The ship from England, when it finally came, brought good news. West and Reynolds praised the painting, although not without reservation; if anything, the sheer depth of detail, such as the boy’s cauliflower ear, worked against Copley’s favor, with the idealized ‘general effect’, taught by Reynolds, still the preferred method; 1765 was not the time for a ‘warts and all approach’ to art. To improve upon his undoubted talents, Reynolds and West felt Copley must do just as he’d feared – leave Boston for Italy and then England, perhaps for good.
Copley prevaricated, worried he might return to American none the better for the expense of Credit: Wikimedia Commons/Public Domainthe trip and with two years wasted on nothing more than glorified sightseeing; some believe Copley imagined the roads of Europe rife with bandits and cut-throats, just as a modern traveler might avoid Australia or Africa for fear of poisonous snakes or tropical diseases.
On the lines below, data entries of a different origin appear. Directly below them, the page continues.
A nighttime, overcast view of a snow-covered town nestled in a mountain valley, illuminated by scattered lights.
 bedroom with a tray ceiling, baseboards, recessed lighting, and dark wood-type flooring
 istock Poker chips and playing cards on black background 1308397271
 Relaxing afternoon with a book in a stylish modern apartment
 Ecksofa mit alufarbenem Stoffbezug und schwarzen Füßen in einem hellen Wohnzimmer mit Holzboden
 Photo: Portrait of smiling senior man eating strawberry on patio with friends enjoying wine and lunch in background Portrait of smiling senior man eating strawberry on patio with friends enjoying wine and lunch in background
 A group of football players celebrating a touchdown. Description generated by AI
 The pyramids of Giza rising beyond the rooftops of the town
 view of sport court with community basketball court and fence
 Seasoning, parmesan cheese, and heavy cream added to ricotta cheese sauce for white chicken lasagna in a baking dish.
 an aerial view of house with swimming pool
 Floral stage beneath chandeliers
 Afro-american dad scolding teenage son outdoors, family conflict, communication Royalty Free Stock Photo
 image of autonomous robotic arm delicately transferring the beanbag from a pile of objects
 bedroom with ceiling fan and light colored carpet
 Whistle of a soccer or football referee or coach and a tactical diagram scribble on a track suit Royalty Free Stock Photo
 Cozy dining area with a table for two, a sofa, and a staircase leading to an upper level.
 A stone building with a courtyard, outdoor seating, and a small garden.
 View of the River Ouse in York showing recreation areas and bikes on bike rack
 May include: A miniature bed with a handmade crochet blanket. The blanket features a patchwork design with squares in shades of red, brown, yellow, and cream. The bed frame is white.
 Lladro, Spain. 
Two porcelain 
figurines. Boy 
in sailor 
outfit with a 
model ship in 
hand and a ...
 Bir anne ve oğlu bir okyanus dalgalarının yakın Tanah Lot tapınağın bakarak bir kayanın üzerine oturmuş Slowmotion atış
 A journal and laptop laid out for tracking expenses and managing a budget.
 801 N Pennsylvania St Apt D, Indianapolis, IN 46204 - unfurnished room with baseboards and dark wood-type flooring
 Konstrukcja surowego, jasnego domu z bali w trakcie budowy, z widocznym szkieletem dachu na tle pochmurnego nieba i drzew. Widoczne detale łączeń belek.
For a few years, Copley remained in America and the field of portraiture, eventually creating perhaps his most renowned portrait, that of Paul Revere (then noted only as a silversmith) in 1769. The Boston Tea Party of December 1773 however, led to unrest, political disturbances and insecurity for Copley. The threat – or promise – of revolution made up Copley’s mind and in 1774, he left Boston for Europe, settling in London the following year. Copley never returned to America and many years passed before an American artist could prosper in his home country without needing to live elsewhere; while the artisans Benjamin Franklin appealed for in his Information to those who Would Remove to America (1782) left Europe for a new life, the artists still headed in the opposite direction study the classics of the Old World.
Once established in England, Copley turned his talents to a genre almost unheard of in America - history painting. With America still so young, no demand, or indeed source material, existed for works of art involving great battles or the deaths of noted politicians. Yet now free of such constraints, Copley painted some of his most famous works, such as The Copley Family (1776), Watson and the Shark (1778) and The Death of Major Pierson (1784). Later life saw Copley in decline, mired in debts and ill-health, but for a time, America’s greatest painter become one of the most celebrated in the artistic world, and it all owed to a painting of an ordinary boy, with extraordinary dreams, and his pet squirrel.
Boy with a Squirrel (1765) is available to view at the Boston Museum of Fine Arts.